Nuancen, aber wichtige
Jedenfalls hört sich Außenminister Frank-Walter Steinmeier, ebenfalls SPD, in gleicher Angelegenheit anders an. Er bittet seinen saudischen Kollegen Adel al-Dschubeir im August des gleichen Jahres um eine "menschliche Lösung" des Falls Badawi. Es sind Nuancen, die zwischen dem Verhalten der beiden Politiker liegen, aber es sind wichtige Nuancen. Unter Gabriel wird der Ton klarer werden. Er wird öfter anecken, Kontroversen auslösen.

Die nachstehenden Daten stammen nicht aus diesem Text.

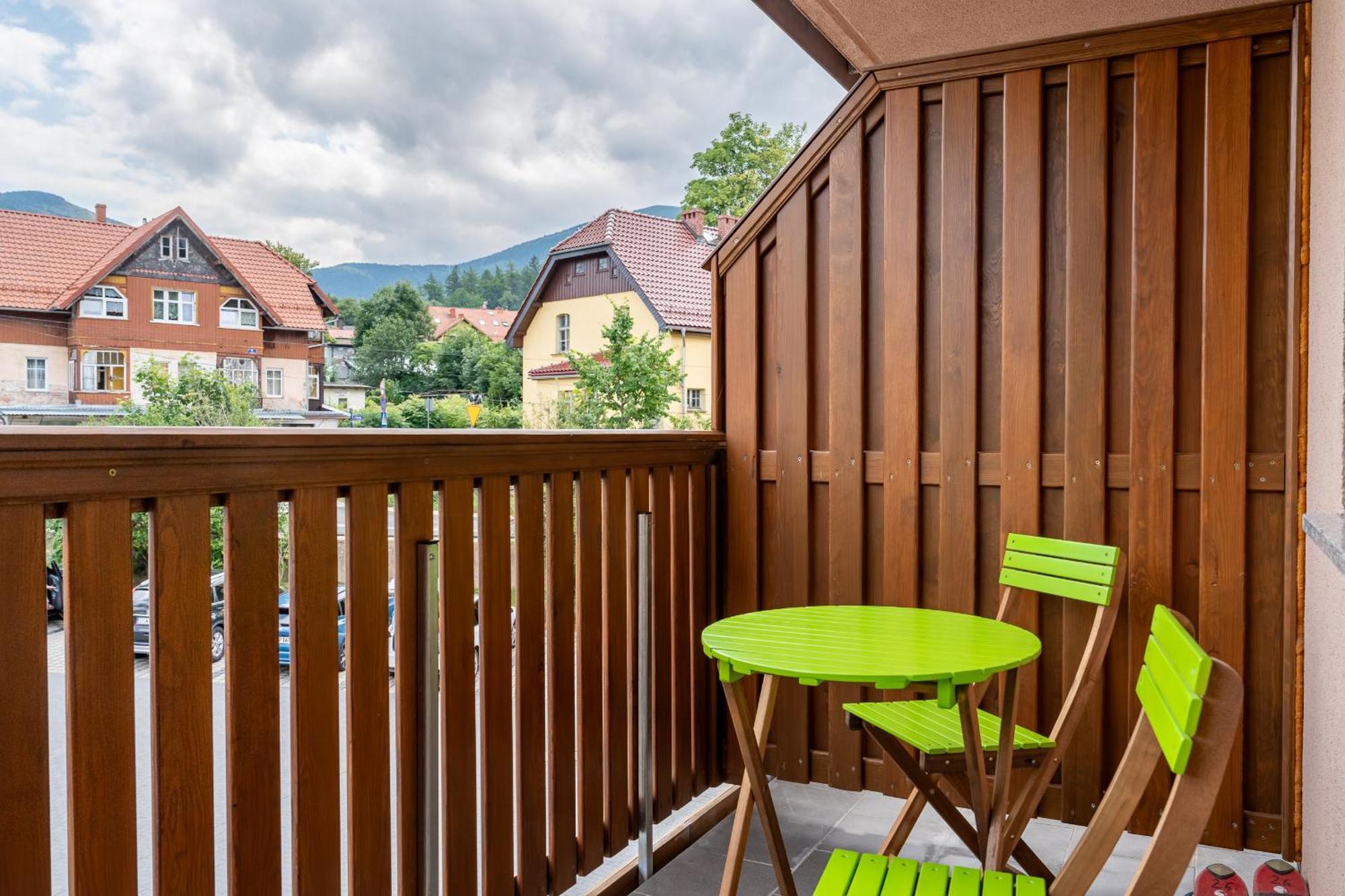 Apartament Strefa Centrum - Z Prywatnym Parkingiem - Space Apart Karpacz Exteriör bild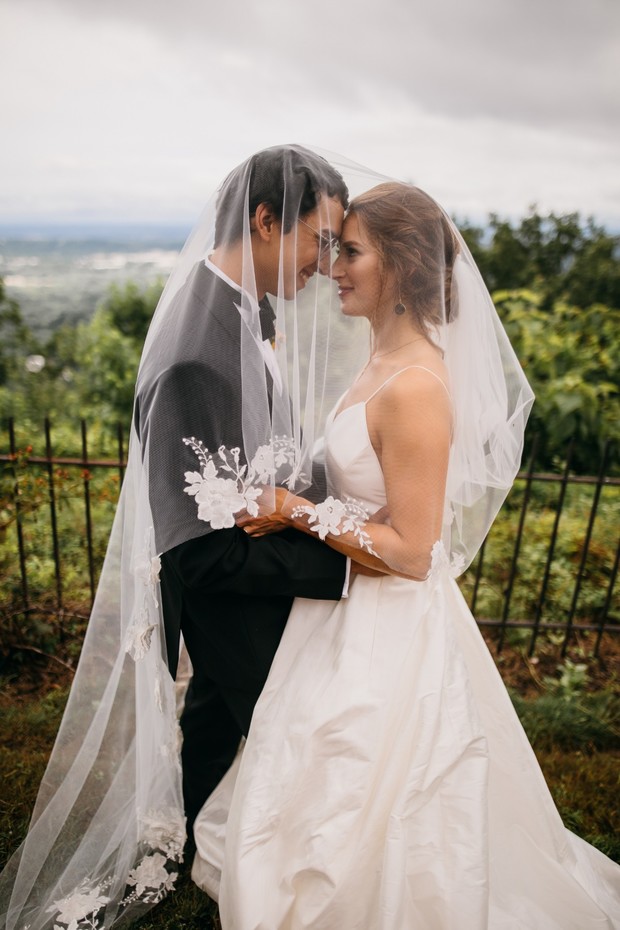 Cute wedding veil photo idea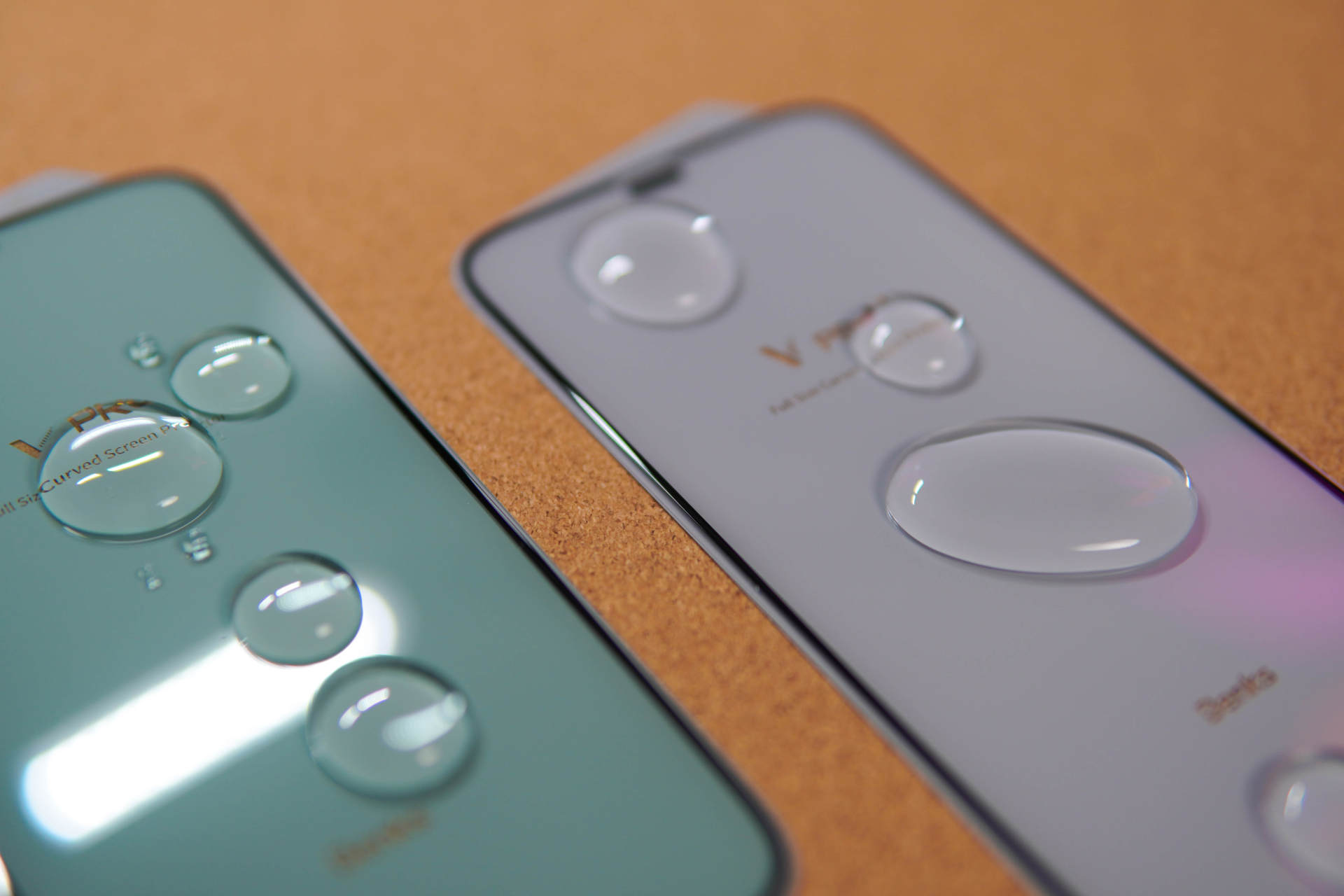 iphone12硅胶壳和皮革哪个好,iphone12promax钢化膜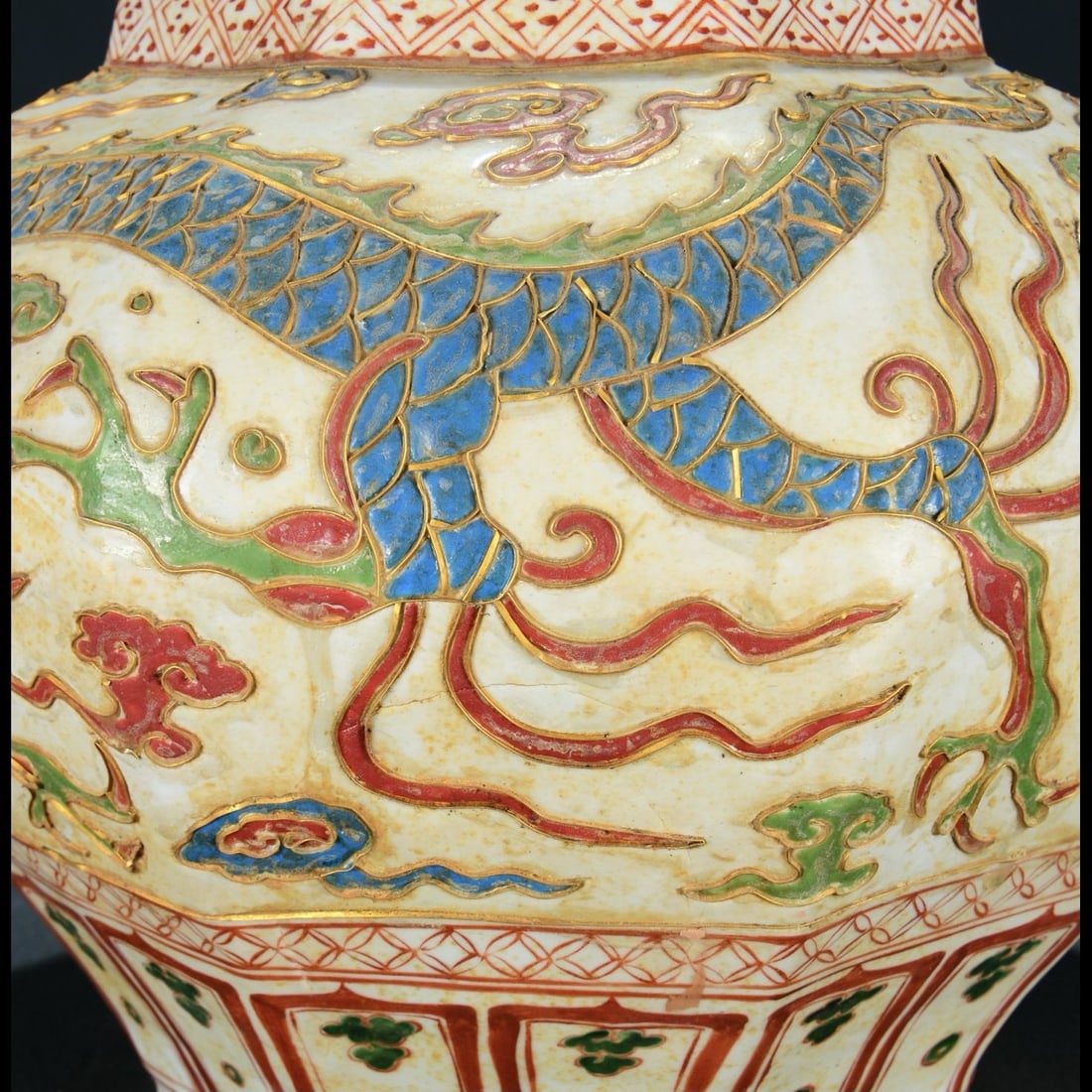 An Exquisite Wucai Dragon Pattern Octagonal Jar - 7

"Werde sprachlich keine Krisen auslösen"
Kurz nachdem bekannt wird, dass Gabriel das Auswärtige Amt übernimmt, fragt ihn in Berlin ein Journalist, ob er noch schnell einen Intensivkurs in Diplomatie macht. Gabriel nimmt es mit Humor: "Es ist ja nicht so, dass ich im Iran, in China, in der Türkei und in Saudi-Arabien kurz vor der Inhaftnahme war, als ich die Länder besucht habe. Ich hoffe doch, dass ich in der Lage sein werde, größere außenpolitische Krisen nicht sprachlich auszulösen."
Krisen vielleicht nicht gleich, aber für Debatten wird Gabriel auch außenpolitisch sicher sorgen. Schon seit Jugendzeiten ist er etwa ein Freund und Kenner des Nahen Ostens, ist in Israel sehr gut vernetzt. Aber 2012 platzt ihm nach einem Besuch des Westjordanlandes der Kragen: "Ich war gerade in Hebron", schreibt er auf seiner Facebook-Seite. "Das ist für Palästinenser ein rechtsfreier Raum. Das ist ein Apartheid-Regime, für das es keine Rechtfertigung gibt." Gabriel und seine SPD sind zu diesem Zeitpunkt in Deutschland in der Opposition, aber die Wellen schlagen hoch, die CDU verlangt, Gabriel müsse sich bei Israel entschuldigen.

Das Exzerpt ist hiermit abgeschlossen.